### TASK TO CARRY OUT
Please, from the entries below, transcribe exactly the lines that begin at the line with "white bowl with" and end at the line with "The weekend shooting", without the pictures.

··· EXTRACTED MATERIAL

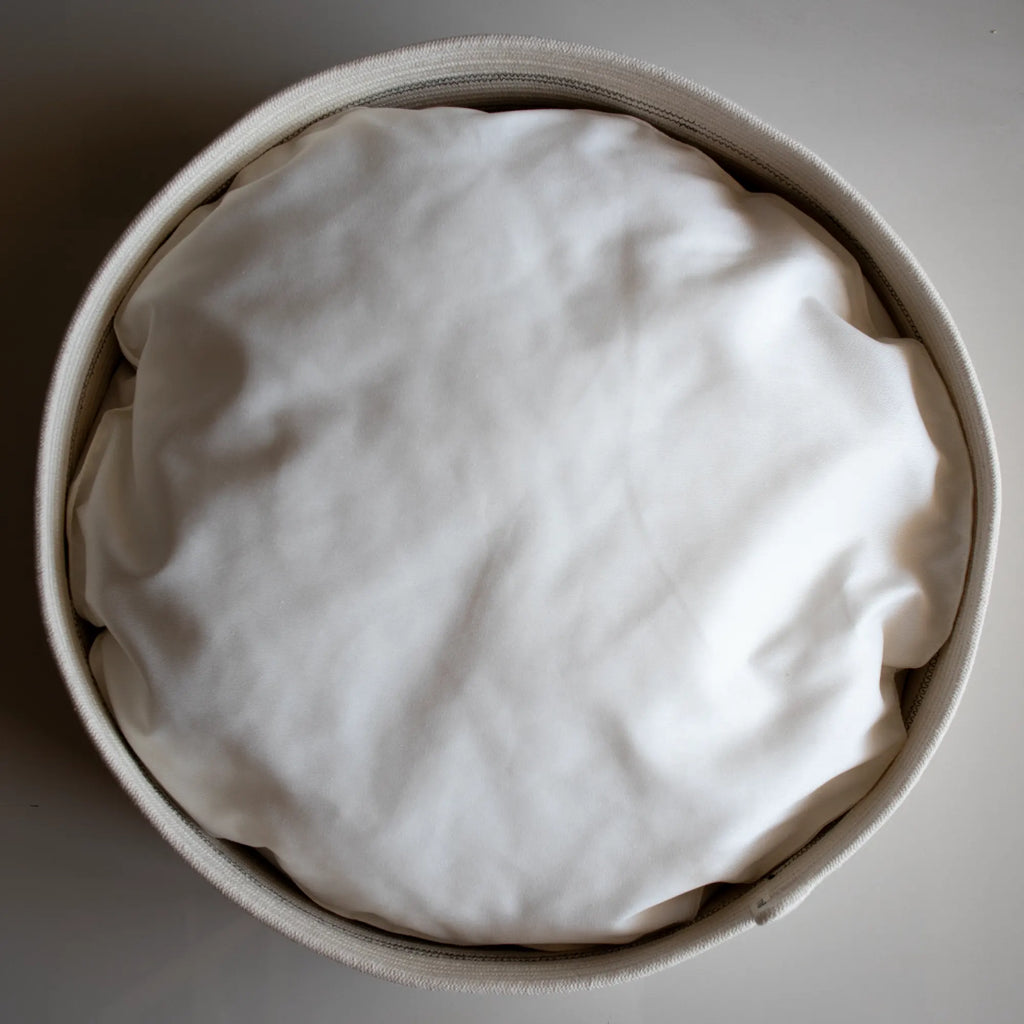 A modern round cotton rope cat bed with a cotton twill cushion by Nep + Plu and Mia Mélange. Made in South Africa.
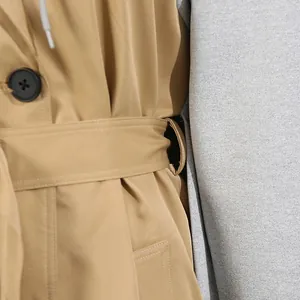 Makrodetail des camel Trenchcoats mit Taillenband und kontrastierendem grauem Kapuzenfutter.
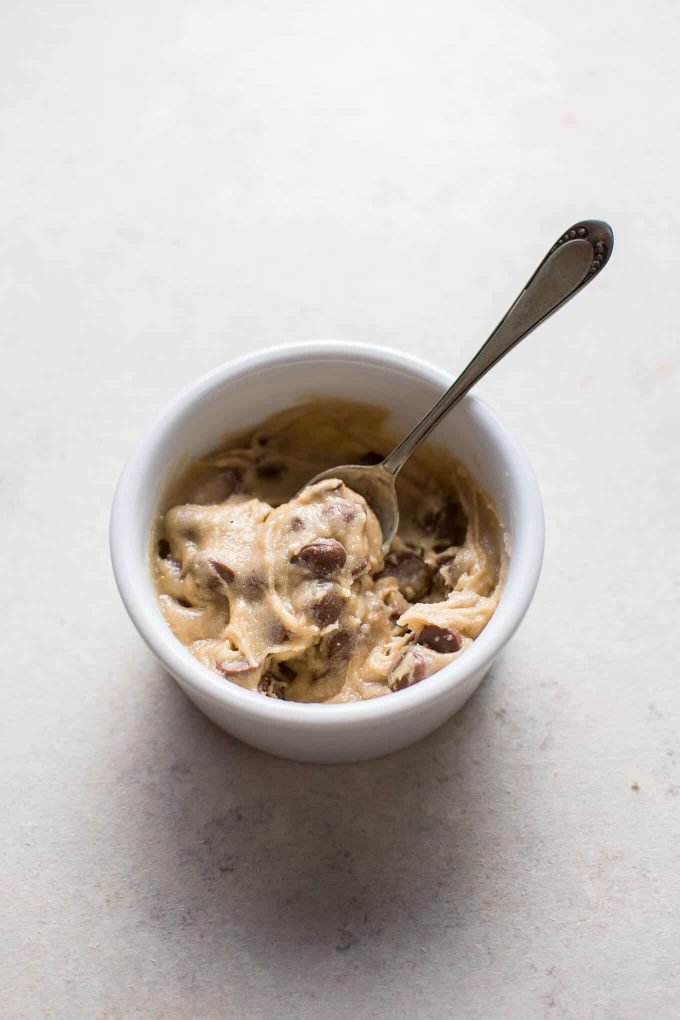 white bowl with guiltless egg-free cookie dough for one and a spoon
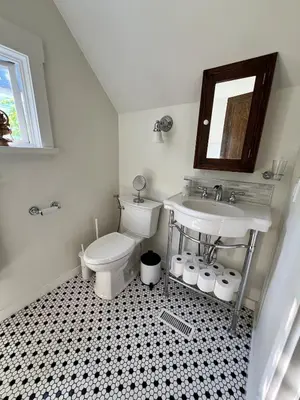 a bathroom with a toilet and a sink at 3 level, home near downtown! in Vancouver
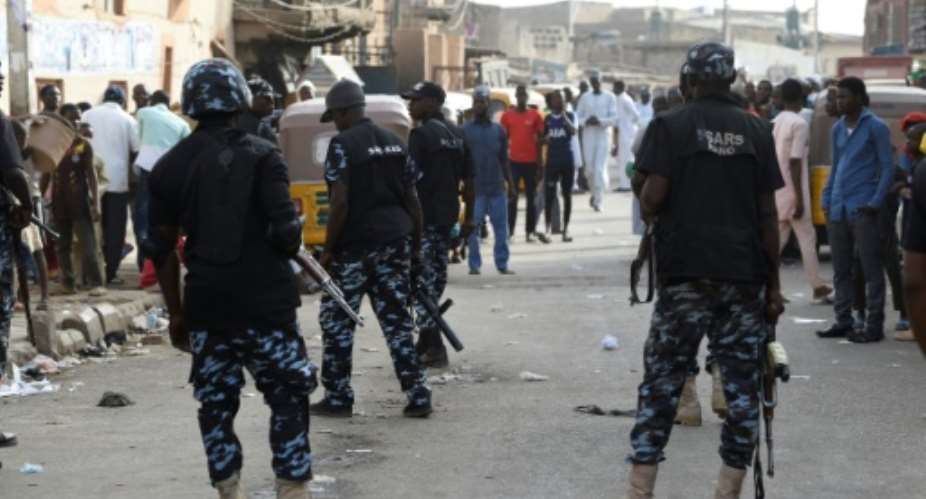 The weekend shooting renewed public anger over police units like the Special Anti-Robbery Squad SARS, seen here in Kano in February, whose members have been accused of brutality, extra-judicial killings and exortion.  By PIUS UTOMI EKPEI AFPFile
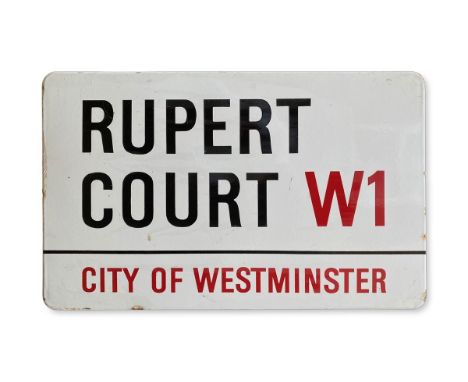 An enamelled iron street sign for Rupert Court W1, City of Westminster with iconic black and red sans serif lettering first c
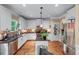 Modern kitchen features stainless appliances, granite counters, white cabinets, tile backsplash, and hardwood floors at 1645 Horseshoe Creek Ln, Cumming, GA 30041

······

### REPLY
 white bowl with guiltless egg-free cookie dough for one and a spoon
 a bathroom with a toilet and a sink at 3 level, home near downtown! in Vancouver
 The weekend shooting renewed public anger over police units like the Special Anti-Robbery Squad SARS, seen here in Kano in February, whose members have been accused of brutality, extra-judicial killings and exortion.  By PIUS UTOMI EKPEI AFPFile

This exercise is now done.